Yes, as in the original report. If, on a 4-CPU system, I do the following
with v6.1 and "allow_mismatched_32bit_el0" on the kernel cmdline:
# for c in `seq 1 3`; do echo 0 > /sys/devices/system/cpu/cpu$c/online; done
# yes > /dev/null &
[1] 334
# taskset -p 334
pid 334's current affinity mask: 1
# for c in `seq 1 3`; do echo 1 > /sys/devices/system/cpu/cpu$c/online; done
# taskset -p 334
pid 334's current affinity mask: f
but with v6.2-rc5 that last taskset invocation gives:
pid 334's current affinity mask: 1
so, yes, the performance definitely regresses, but that's because the
affinity mask is wrong!
Will
On 1/26/23 11:11, Will Deacon wrote:
> On Tue, Jan 24, 2023 at 03:24:36PM -0500, Waiman Long wrote:
>> On 1/24/23 14:48, Will Deacon wrote:
>>> On Fri, Jan 20, 2023 at 09:17:49PM -0500, Waiman Long wrote:
>>>> The user_cpus_ptr field was originally added by commit b90ca8badbd1
>>>> ("sched: Introduce task_struct::user_cpus_ptr to track requested
>>>> affinity"). It was used only by arm64 arch due to possible asymmetric
>>>> CPU setup.
>>>>
>>>> Since commit 8f9ea86fdf99 ("sched: Always preserve the user requested
>>>> cpumask"), task_struct::user_cpus_ptr is repurposed to store user
>>>> requested cpu affinity specified in the sched_setaffinity().
>>>>
>>>> This results in a performance regression in an arm64 system when booted
>>>> with "allow_mismatched_32bit_el0" on the command-line. The arch code will
>>>> (amongst other things) calls force_compatible_cpus_allowed_ptr() and
>>>> relax_compatible_cpus_allowed_ptr() when exec()'ing a 32-bit or a 64-bit
>>>> task respectively. Now a call to relax_compatible_cpus_allowed_ptr()
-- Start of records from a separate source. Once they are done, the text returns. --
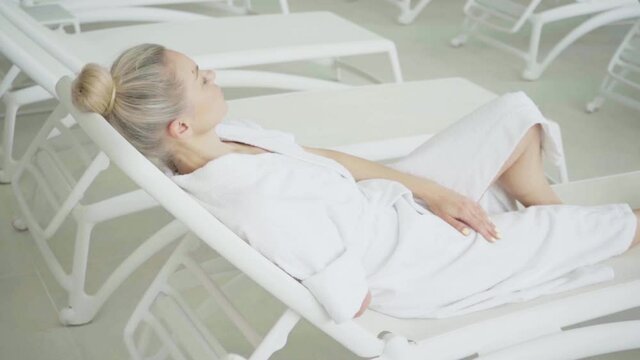 Woman with amputated hand lying on deck chair in spa center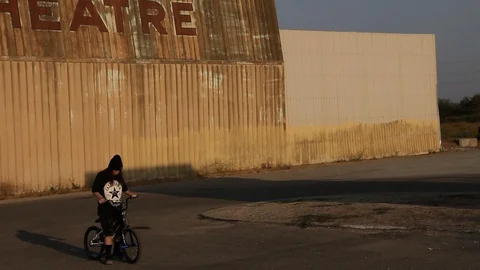 Kid at abandoned theatre Stock Footage 101944811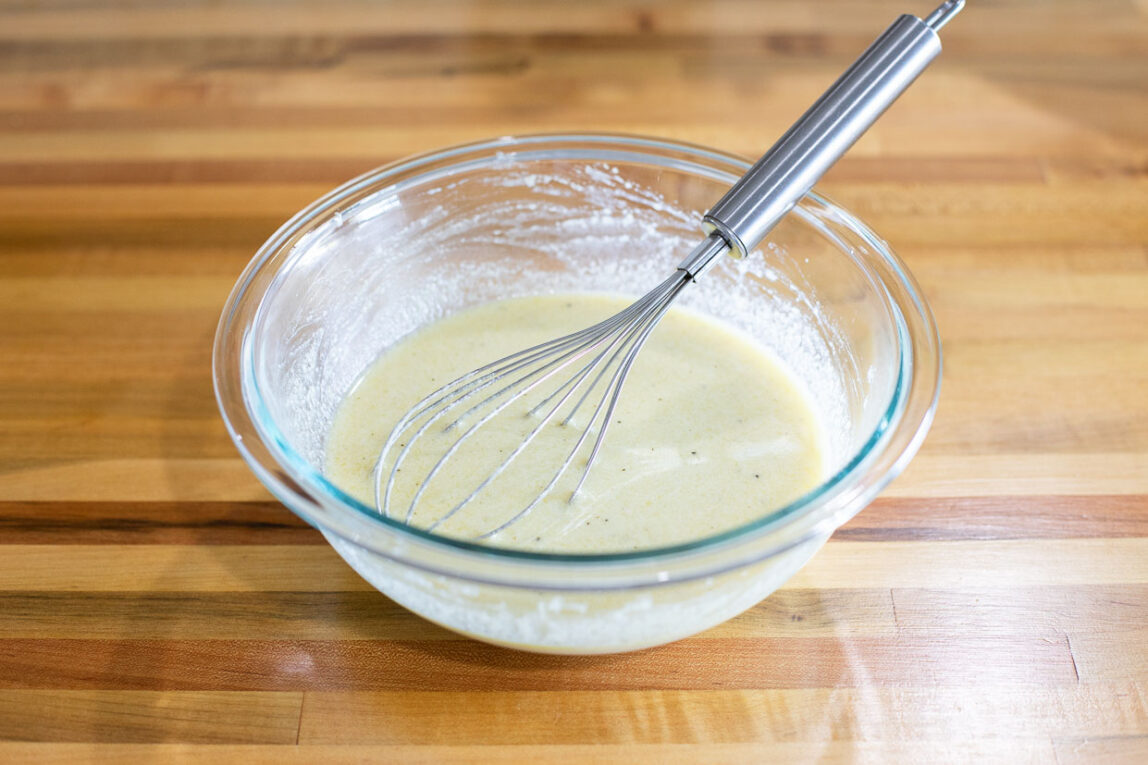 Creamy sauce being whisked in a glass bowl.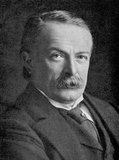 David Lloyd George, 1st Earl Lloyd-George of Dwyfor, OM, PC (17 January 1863 – 26 March 1945) was a British Liberal politician and statesman.<br/><br/>

As Chancellor of the Exchequer (1908–1915), Lloyd George was a key figure in the introduction of many reforms which laid the foundations of the modern welfare state. His most important role came as the highly energetic Prime Minister of the Wartime Coalition Government (1916–22), during and immediately after the First World War. He was a major player at the Paris Peace Conference of 1919 that reordered Europe after the defeat of Germany in the Great War.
>>>> will always result in a __sched_setaffinity() call whether there is a
>>>> previous force_compatible_cpus_allowed_ptr() call or not.
>>> I'd argue it's more than just a performance regression -- the affinity
>>> masks are set incorrectly, which is a user visible thing
>>> (i.e. sched_getaffinity() gives unexpected values).
>> Can your elaborate a bit more on what you mean by getting unexpected
>> sched_getaffinity() results? You mean the result is wrong after a
>> relax_compatible_cpus_allowed_ptr(). Right?
> Yes, as in the original report. If, on a 4-CPU system, I do the following
> with v6.1 and "allow_mismatched_32bit_el0" on the kernel cmdline:
>
> # for c in `seq 1 3`; do echo 0 > /sys/devices/system/cpu/cpu$c/online; done
> # yes > /dev/null &
> [1] 334
> # taskset -p 334
> pid 334's current affinity mask: 1
> # for c in `seq 1 3`; do echo 1 > /sys/devices/system/cpu/cpu$c/online; done
> # taskset -p 334
> pid 334's current affinity mask: f
>
> but with v6.2-rc5 that last taskset invocation gives:
>
> pid 334's current affinity mask: 1
>
> so, yes, the performance definitely regresses, but that's because the
> affinity mask is wrong!
I see what you mean now. Hotplug doesn't work quite well now because
user_cpus_ptr has been repurposed to store the value set of
sched_setaffinity() but not the previous cpus_mask before
force_compatible_cpus_allowed_ptr().
One possible solution is to modify the hotplug related code to check for
the cpus_allowed_restricted, and if set, check task_cpu_possible_mask()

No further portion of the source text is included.